Thursday, December 31, 2015

We Three Kings

Happy New Year All! This was a challenging way to end the year! I really had to mull this topic over. At first the only thing I could think of was Spicing things up in the bedroom! So I had visions of a thong on a bed post.
Then my hubby suggested the Silk Road & spices so I then contemplated camels all dressed up in tassels etc. but I couldn't find an image I liked enough to do & I do prefer to work from my own photographs. Yes I do have a camel photo but again not what I wanted to make. So back to the drawing board.
I doodled.

My helper liked this one! I may make this one yet! But I got into the spirit of the season.

Now fabric

It had promise so I went with it. I had to borrow some glitzy fabric. I'm really pleased with the result. 
Meet my Three Wise Men carrying Gold, Frankincense & myrrh.


I hope wish you all a happy & prosperous New Year! 

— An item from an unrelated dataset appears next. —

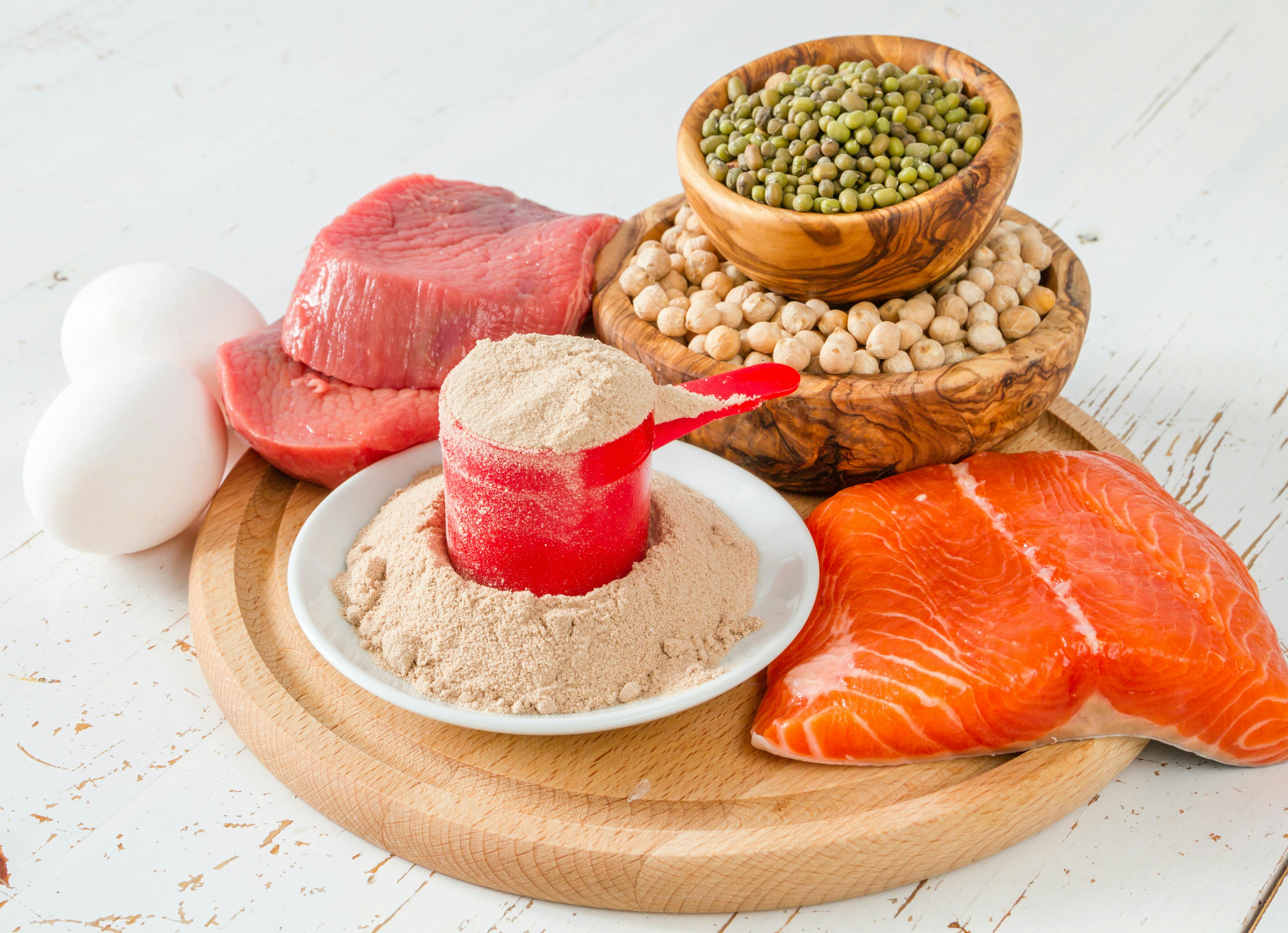 How Much Protein Do You Need?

Tuesday, December 29, 2015

"SPICE" (Saffron)

First let me wish you all a Happy New Year 2016
I had a enjoyable Christmas day spent with my 3 boys. I trust all our challenge members also enjoyed a relaxing day. 
I chose Saffron as my spice for my challenge
I used fabric from a sari I was given by a friend for the background and a border for the binding. I thought the colour represented saffron well.   I had fun doing the piece.I encountered a few hic ups along the way when constructing the photo and embroidery but am pleased with the results.
I used some water soluble fabric and printed a picture of Crocus sativus (saffron flower on) and also printed the section printed below and embroidered it in black thread. When I rinsed it the thread in some areas were not secured to well. I also had to paint the flowers after stitching around the petals as the picture disappeared after rinsing I did some embellishing 
I'll need to brush up on transfer techniques for any future projects.
I hope you all had as much fun as I did stitching/making this challenge

Botanical Name: Crocus sativus
Family Name: Iridaceae
The name Saffron comes from  the Arabic za’faran, which means YELLOW – a sacred colour chosen by Buddhist monks for their robes.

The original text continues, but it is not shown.